As discussed above, the Iranian regime now permits none of these freedoms for the Baha’i religious minority.
What, then, is to be done? What should we urge our respective government leaders to do? What is the duty of the international community under the Declaration on the Elimination of All Forms of Intolerance and of Discrimination Based on Religion or Belief? The answer inheres in Article 3, which commands:
Discrimination between human being[s] on the grounds of religion or belief constitutes an affront to human dignity and a disavowal of the principles of the Charter of the United Nations, and shall be condemned as a violation of the human rights and fundamental freedoms proclaimed in the Universal Declaration of Human Rights and enunciated in detail in the International Covenants on Human Rights, and as an obstacle to friendly and peaceful relations between nations.
The imminent trial of the Yaran now places Iran itself on trial. The closed trial of the Yaran, moreover, will put Iranian “Islam” on open trial. This Shi’ite charade of justice promises to be a spectacle of a debacle, a travesty of due process, a perversion of Iranian “Islamic” justice, a flagrant repudiation of universal standards of human rights, a shock to the judicial conscience, an affront to human dignity, an international scandal and a national disgrace.

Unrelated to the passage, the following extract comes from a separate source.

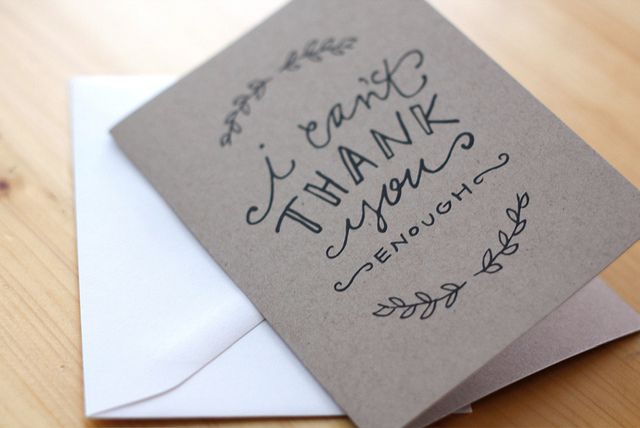 A card that says "I Can't Thank You Enough" laying on a table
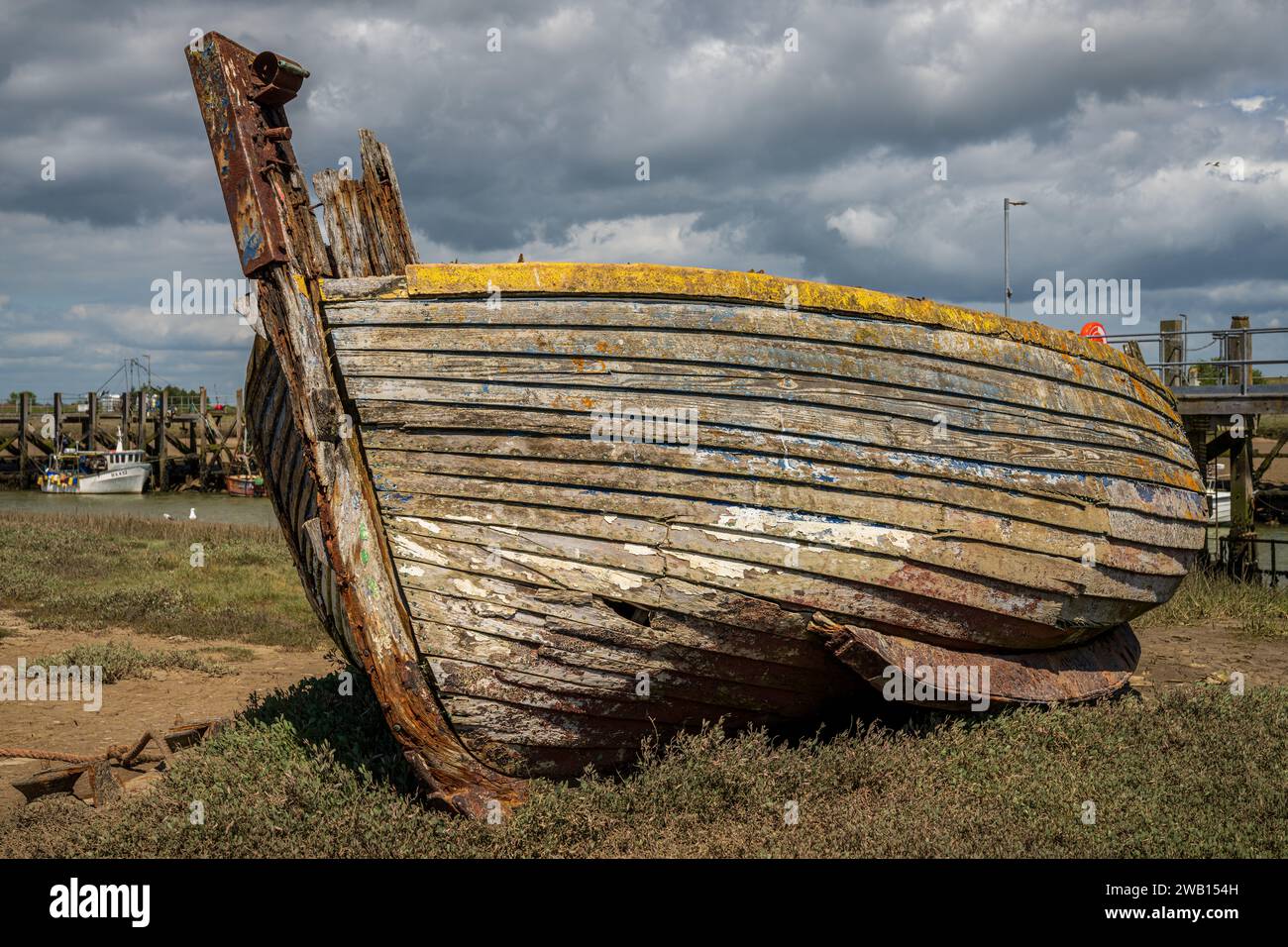 Rye Harbour, East Sussex, England, Vereinigtes Königreich - 12. Mai 2022: Ein altes Schiffswrack und einige Boote am Ufer des Flusses Rother Stockfoto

The international community, according to Article 3 of the Declaration on the Elimination of All Forms of Intolerance and of Discrimination Based on Religion or Belief, is duty-bound to roundly condemn such actions, and to make compliance with this requirement of international law a precondition to normalized diplomatic relations.
Iran will soon judge the Yaran. In so doing, Iran will reflexively be judged by the Yaran.
If Iran condemns the Baha’i “Friends” (Yaran), then, under the clear terms of Article 3, Iran “shall be condemned” in the open court of international opinion.